** Caption-style text data **
—————

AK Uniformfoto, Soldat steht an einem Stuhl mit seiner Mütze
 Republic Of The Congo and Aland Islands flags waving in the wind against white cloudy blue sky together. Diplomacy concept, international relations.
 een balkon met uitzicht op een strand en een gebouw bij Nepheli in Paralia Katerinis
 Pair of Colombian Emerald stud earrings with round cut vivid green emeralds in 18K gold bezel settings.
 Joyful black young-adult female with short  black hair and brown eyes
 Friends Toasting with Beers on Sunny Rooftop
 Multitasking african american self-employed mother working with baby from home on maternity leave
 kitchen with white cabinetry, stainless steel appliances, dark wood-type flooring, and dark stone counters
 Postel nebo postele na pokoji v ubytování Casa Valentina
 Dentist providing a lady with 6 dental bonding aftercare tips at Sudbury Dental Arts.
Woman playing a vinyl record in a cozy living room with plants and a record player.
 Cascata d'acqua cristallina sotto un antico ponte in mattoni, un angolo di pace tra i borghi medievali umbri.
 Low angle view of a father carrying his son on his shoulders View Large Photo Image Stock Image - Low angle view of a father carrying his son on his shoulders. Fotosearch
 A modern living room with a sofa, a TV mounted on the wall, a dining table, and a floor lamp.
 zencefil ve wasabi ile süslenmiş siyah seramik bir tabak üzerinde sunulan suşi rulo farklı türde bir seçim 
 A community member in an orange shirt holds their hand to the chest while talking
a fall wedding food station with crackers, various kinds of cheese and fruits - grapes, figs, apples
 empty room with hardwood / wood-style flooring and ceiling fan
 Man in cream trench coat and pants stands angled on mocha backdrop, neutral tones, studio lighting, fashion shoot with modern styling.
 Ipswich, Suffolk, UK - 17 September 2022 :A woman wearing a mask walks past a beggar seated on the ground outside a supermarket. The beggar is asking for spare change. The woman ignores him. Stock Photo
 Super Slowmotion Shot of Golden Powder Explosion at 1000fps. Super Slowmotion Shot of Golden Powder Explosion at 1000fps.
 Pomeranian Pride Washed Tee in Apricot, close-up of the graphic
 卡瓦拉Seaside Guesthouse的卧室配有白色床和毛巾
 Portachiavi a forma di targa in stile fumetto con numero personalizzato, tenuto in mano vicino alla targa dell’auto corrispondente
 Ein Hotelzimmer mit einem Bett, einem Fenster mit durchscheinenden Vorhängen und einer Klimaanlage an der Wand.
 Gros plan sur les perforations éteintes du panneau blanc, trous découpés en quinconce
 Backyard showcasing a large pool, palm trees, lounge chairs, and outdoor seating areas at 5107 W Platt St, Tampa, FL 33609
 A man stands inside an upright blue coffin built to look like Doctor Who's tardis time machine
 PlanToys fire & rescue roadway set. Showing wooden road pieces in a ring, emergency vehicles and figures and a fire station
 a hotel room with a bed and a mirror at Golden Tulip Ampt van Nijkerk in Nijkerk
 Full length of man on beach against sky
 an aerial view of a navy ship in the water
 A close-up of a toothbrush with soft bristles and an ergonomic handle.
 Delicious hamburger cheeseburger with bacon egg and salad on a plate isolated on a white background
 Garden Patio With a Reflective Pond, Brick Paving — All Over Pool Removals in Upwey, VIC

—————

** Your assignment **
Which lines run from the one containing "an aerial view of a navy ship in the water" to the end of the entries above? Quote exactly those, and only those.

** Answer for this exercise **
 an aerial view of a navy ship in the water
 A close-up of a toothbrush with soft bristles and an ergonomic handle.
 Delicious hamburger cheeseburger with bacon egg and salad on a plate isolated on a white background
 Garden Patio With a Reflective Pond, Brick Paving — All Over Pool Removals in Upwey, VIC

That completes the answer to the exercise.